- _Your instructions_:
When copying the data below, keep only the lines from the one with "Interval by The Joy Formidable - album cover" through the one with "Toyota Aygo X vaihtoauto", word for word, and skip the pictures.
-------- Supplied records
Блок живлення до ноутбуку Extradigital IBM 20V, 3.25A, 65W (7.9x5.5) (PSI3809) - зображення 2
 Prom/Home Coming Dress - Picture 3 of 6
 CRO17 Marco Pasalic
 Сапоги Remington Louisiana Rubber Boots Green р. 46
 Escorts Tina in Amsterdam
----------------
-------- Supplied records
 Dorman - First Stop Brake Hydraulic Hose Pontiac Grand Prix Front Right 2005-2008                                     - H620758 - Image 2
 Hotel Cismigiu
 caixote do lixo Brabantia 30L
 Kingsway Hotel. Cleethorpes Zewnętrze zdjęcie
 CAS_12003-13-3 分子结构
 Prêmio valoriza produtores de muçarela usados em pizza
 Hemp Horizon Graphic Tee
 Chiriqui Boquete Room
----------------
-------- Supplied records
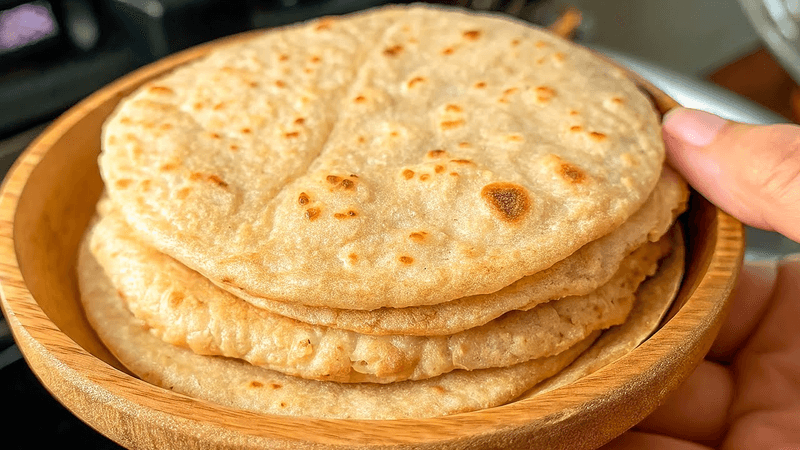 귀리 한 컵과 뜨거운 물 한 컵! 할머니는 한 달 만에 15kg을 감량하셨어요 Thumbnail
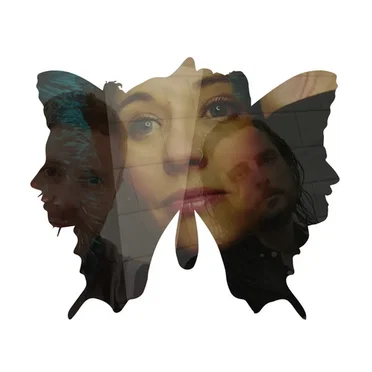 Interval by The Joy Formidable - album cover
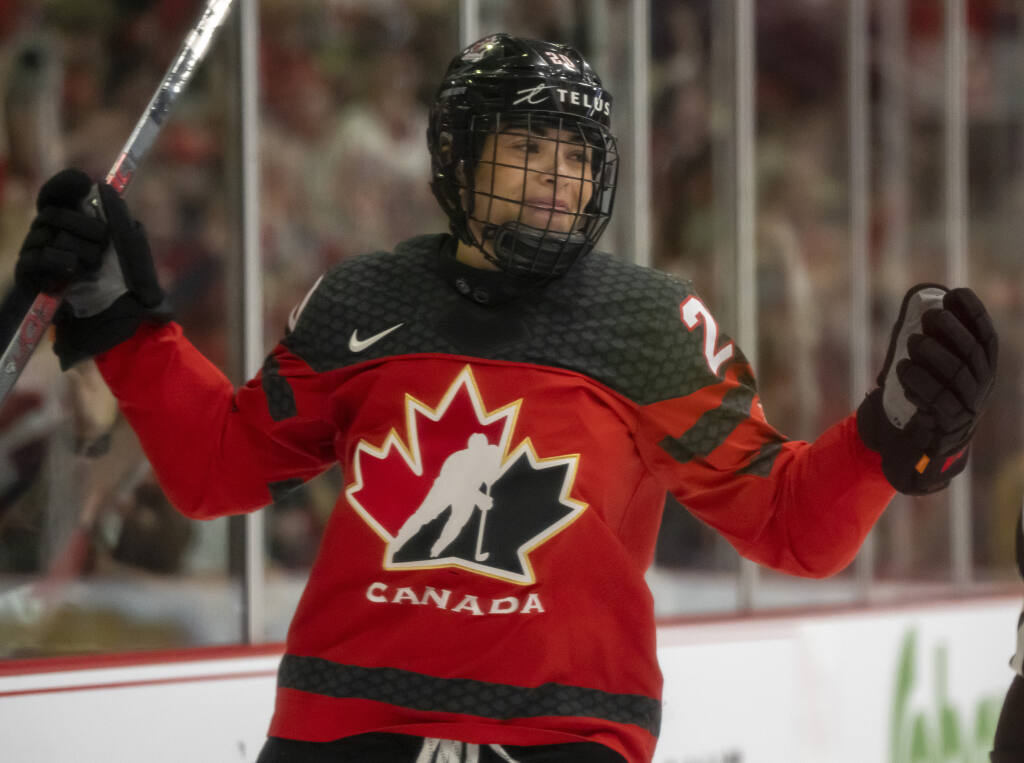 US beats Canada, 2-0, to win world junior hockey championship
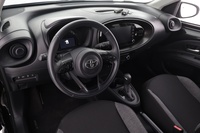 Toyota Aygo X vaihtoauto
----------------
- _Response_:
 Interval by The Joy Formidable - album cover
 US beats Canada, 2-0, to win world junior hockey championship
 Toyota Aygo X vaihtoauto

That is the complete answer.